Bien sûr, un fichier qui n'existe pas est une erreur de contexte. Mais réaliser un traitement sur un fichier sans vérifier préalablement qu'il existe est une erreur de programmation. La différence est subtile. J'y reviendrai plus loin.

I-2. Que faire de ces erreurs de programmation ?

Les erreurs qui bloquent la compilation, on n'a pas trop d'autre choix que de les corriger. Les autres erreurs… souvent, pas grand-chose n'en est fait. Elles sont là, elles traînent jusqu'à ce qu'elles soient trouvées, puis corrigées. Les pires d'entre elles ne sont jamais détectées. C'est souvent le cas des erreurs numériques, ou des fichiers que l'on croit avoir ouverts.

Dans les meilleurs de mes mondes, on fait en sorte de ne pas pouvoir compiler quand on est face à une erreur de programmation. Les assertions statiques nous aideront en cela.
On peut aussi appliquer des petites recettes dont le principe chapeau consiste à confier nos invariants au compilateur. Par exemple, on évite de disposer de variables dans des états non pertinents (cf. la FAQ C++ de développez), on utilise des références à la place de pointeurs quand on sait que l'on est censés disposer de liens non nuls, on annote comme transférables les types dont les responsables changent (cf. un prochain billet), on fait en sorte de ne pas pouvoir additionner des distances avec des masses (cf. boost.unit)…

Pour les autres cas, [Meyer1988] a jeté les bases d'un outil, la programmation par contrat. Le C nous offre un second outil, les assertions. Les assertions permettent d'installer des points de contrôle dans un programme pour vérifier que les traitements se passent bien. Ces points de contrôles seront utilisés pour vérifier les contrats préalablement définis. Nous les détaillerons dans le prochain billet.

II- La programmation par contrat

Les contrats, dans la programmation, servent à poser les bases de qui est censé faire quoi. Par exemple, la fonction sqrt(x) ne prend que des paramètres numériques positifs x, et elle renvoie des nombres toujours positifs qui vérifient result = x². On retrouve la notion de domaine de définition des fonctions en mathématiques.

Dit autrement, si on respecte le contrat d'appel d'une fonction (on parle de ses préconditions), cette fonction est censée nous garantir respecter son contrat de sortie (on parle de postconditions). Si les préconditions ne sont pas respectées, les postconditions (à commencer par le bon déroulement de la fonction) pourront ne pas être respectées : la fonction est libre de faire comme elle l'entend.
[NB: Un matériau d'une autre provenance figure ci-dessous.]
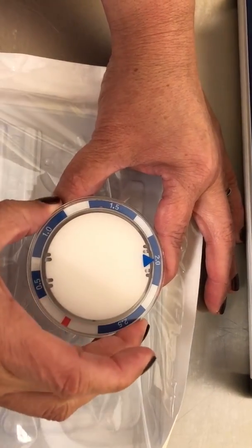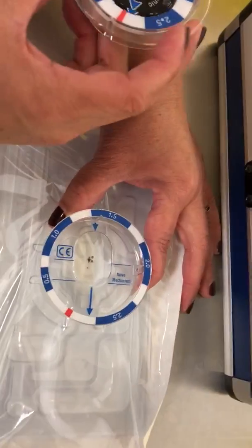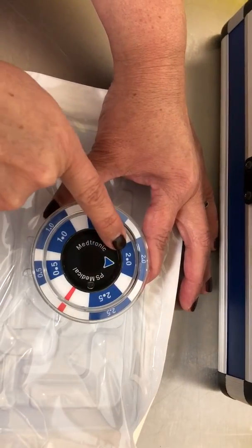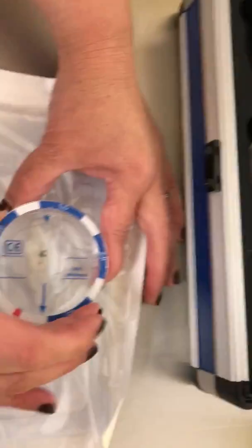We take it out and we take step number two. We align red with red to verify that it is at 2.0. We take it out.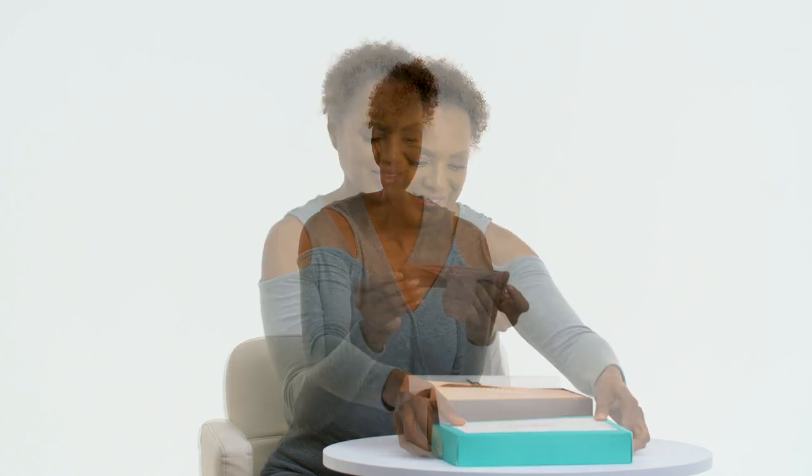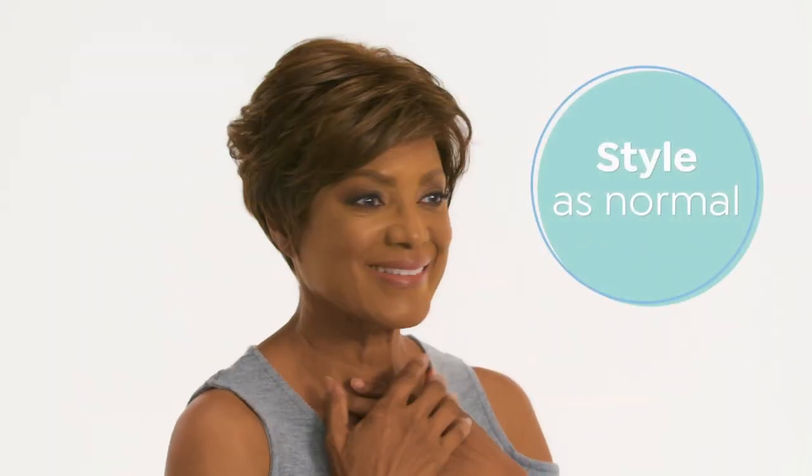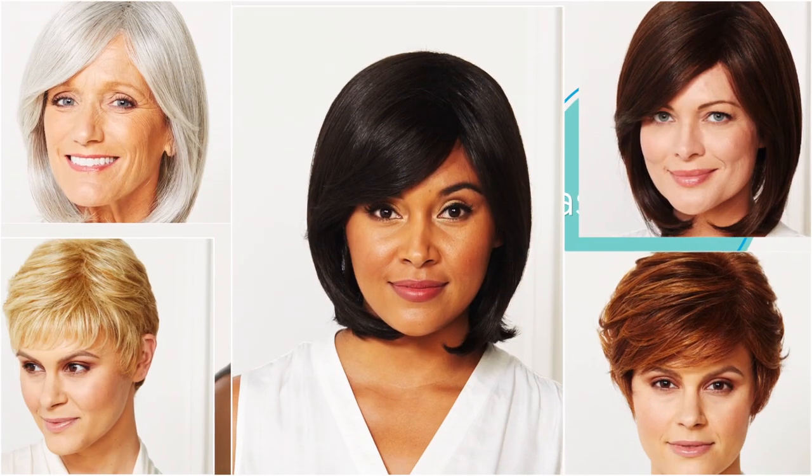Gabor Essentials has you covered with everything you need, including a wig cap and instructions for a seamless fit. Each wig is made of a heat-friendly polyester fiber. You can change the style as often as you want using hot styling tools up to 350 degrees Fahrenheit.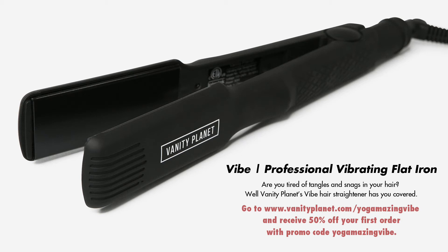Are you tired of tangles and snags in your hair? Vanity Planet's Vibe Hair Straightener has you covered. This innovative flat iron uses gentle vibrations while you straighten your hair to prevent unnecessary damage to your naturally beautiful locks. Forget pulling your hair and having kinks and creases. The vibrating technology allows hair to glide freely between the plates for a smooth look and effortless experience. Go to VanityPlanet.com/YogamazingVibe today and get 50% off your first order with the code YogamazingVibe.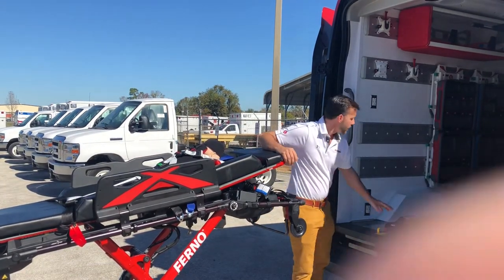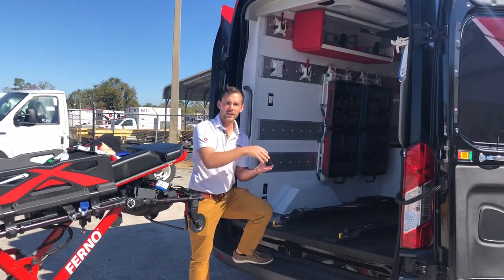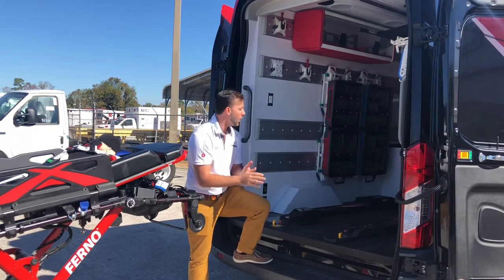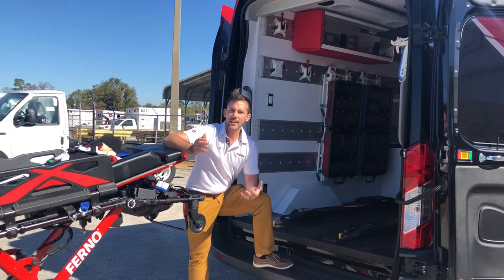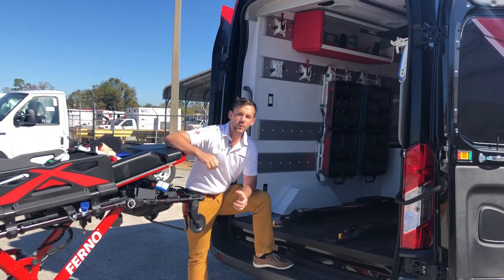This is our Pro F1 Fastener. We have two options: you can go with integrated charging, which will charge it as soon as it's in the truck, or just standard fastening. We can also add your antler lock bar. So if you had any older stretchers and wanted to use one, that could also fit in here as well.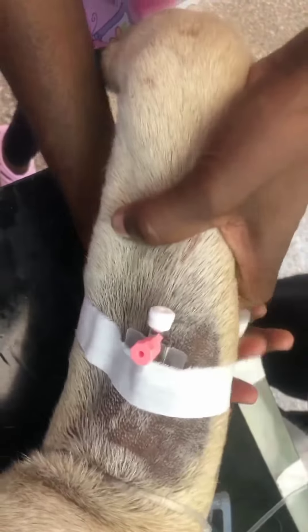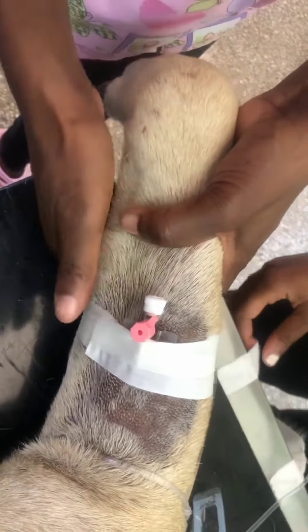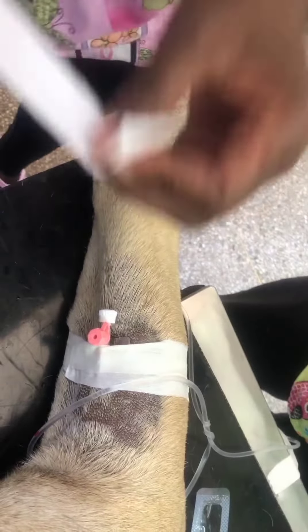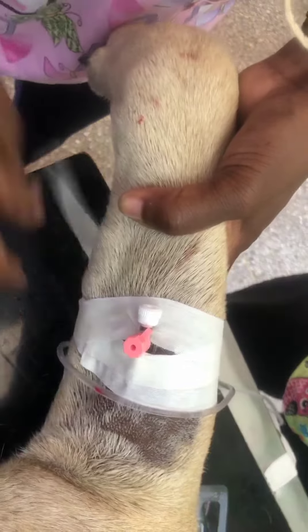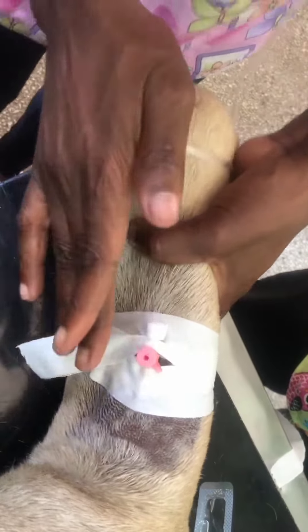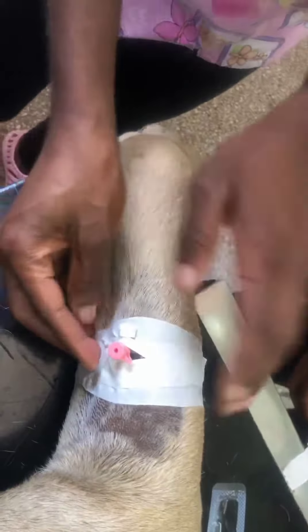You can secure the catheter or cannula however it is — make sure it's secure. I'm using elastoplast, or plaster as others would say. You can use vet wrap, you can use whatever is there. Just make sure it's nicely placed so that the dog cannot easily remove it. Also, if they're very dehydrated, you don't want to place it loosely and then have it easily come off, because then you have to look for the vein again and they might be even more dehydrated.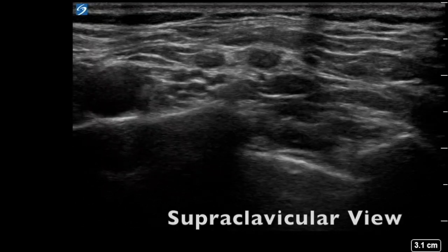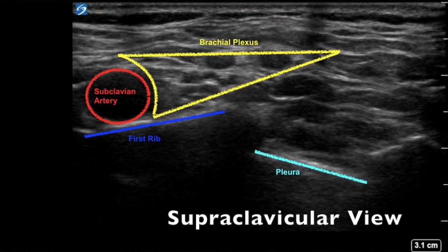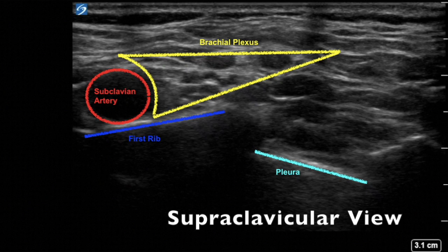Generally it's easiest to start scanning in the supraclavicular fossa. Here we have the supraclavicular view of the brachial plexus. As you can see, the brachial plexus is close to the subclavian artery, the first rib, and the pleura, and is often found in a grape-like shape in this region.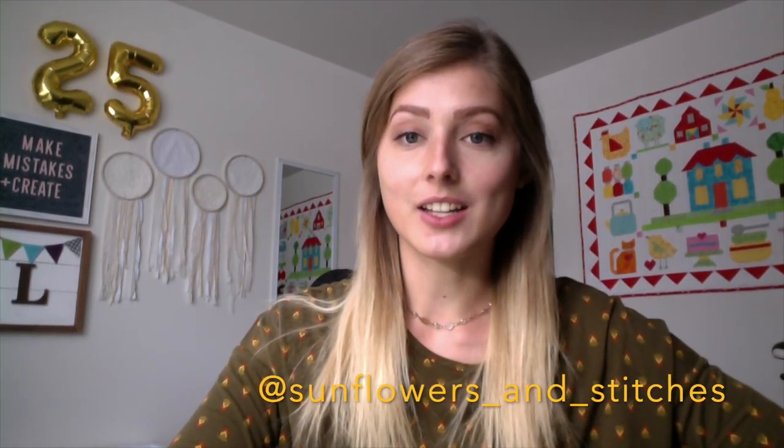I hope you enjoyed the video today. If you did, please go ahead and like it and comment something that you want to learn in a future Tip Tuesday — I'd be happy to teach you. Please go ahead and subscribe to my channel; I'm trying to grow my following so I can continue to do these fun things. And check out my Instagram page, it's called Sunflowers and Stitches — that's where I do my craft projects and share my creativity. Bye guys!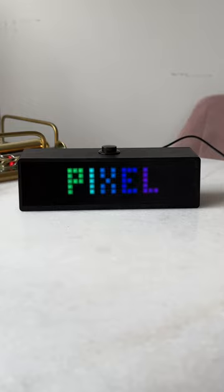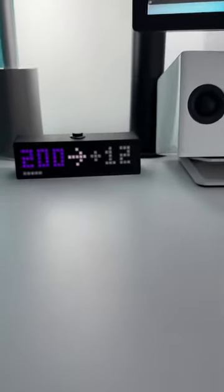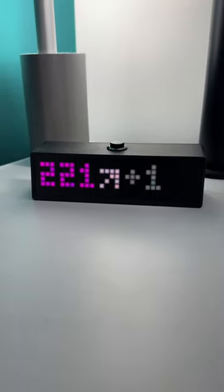This device can display your blood sugar levels, and it has an optional alarm system. Sugar Pixel updates every five minutes with my glucose readings. The color of the number is based on sugar level.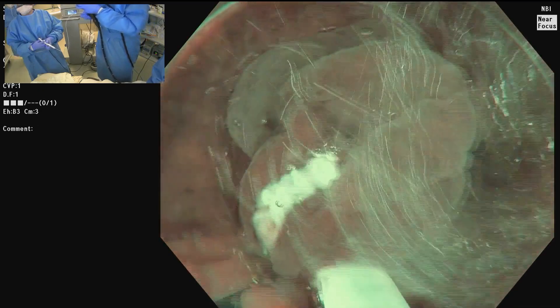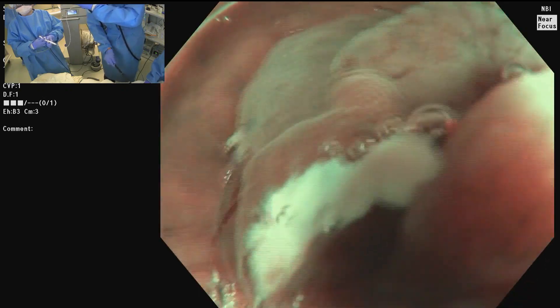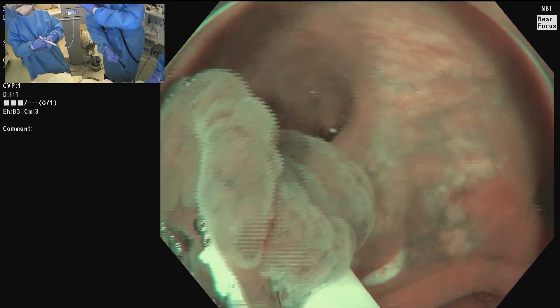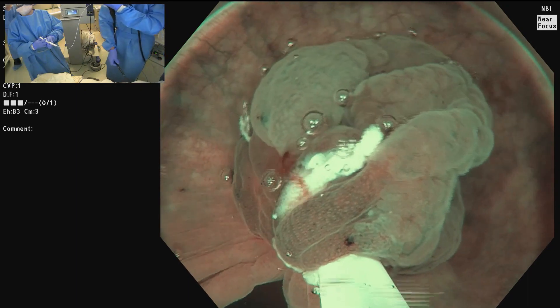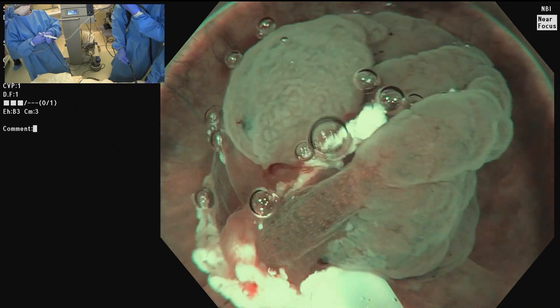I'm looking just to make sure I've got dots around — rotating like a rotisserie. That dot is a little bit on the outside, but it looks good. So now we're ready to take this off. I'm using pure water cut; my settings are Effect 5, ENDO CUT, 50 watts. And we're taking that off.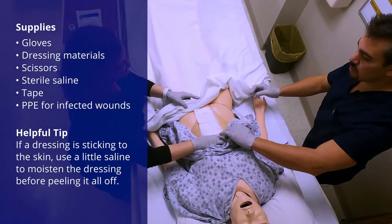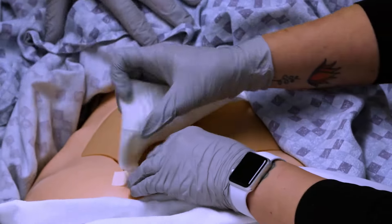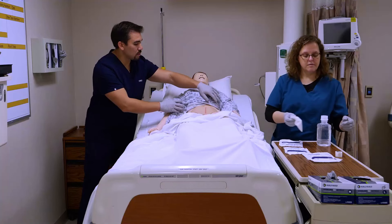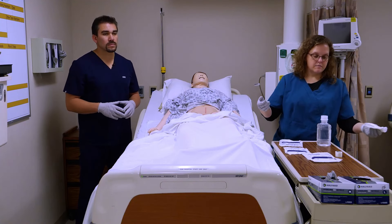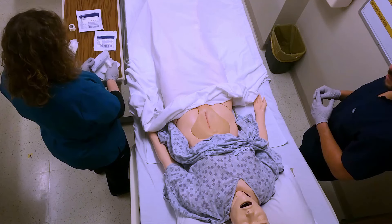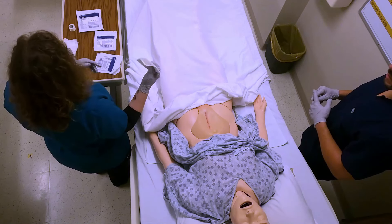So we're going to uncover and remove the old dressing. Normally you can put on whatever came off of it — that's what you're going to put back. Then you're going to throw this away, and I'm going to clean her incision.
On peut se demander à quoi ça sert. En effet, si on passe un nombre négatif à sqrt et qu'elle plante, on n'est pas plus avancés. Le bug est toujours là. Et pourtant, nous avons fait un énorme pas en avant : nous avons formalisé les contrats de sqrt. Nous disposons de spécifications précises, et d'une documentation qui pourra accompagner le code.

Heureusement, nous pouvons aller bien plus loin. Nous pouvons aussi marquer le code avec des assertions représentatives des contrats identifiés pour repérer les ruptures de contrats en phases de test et développement.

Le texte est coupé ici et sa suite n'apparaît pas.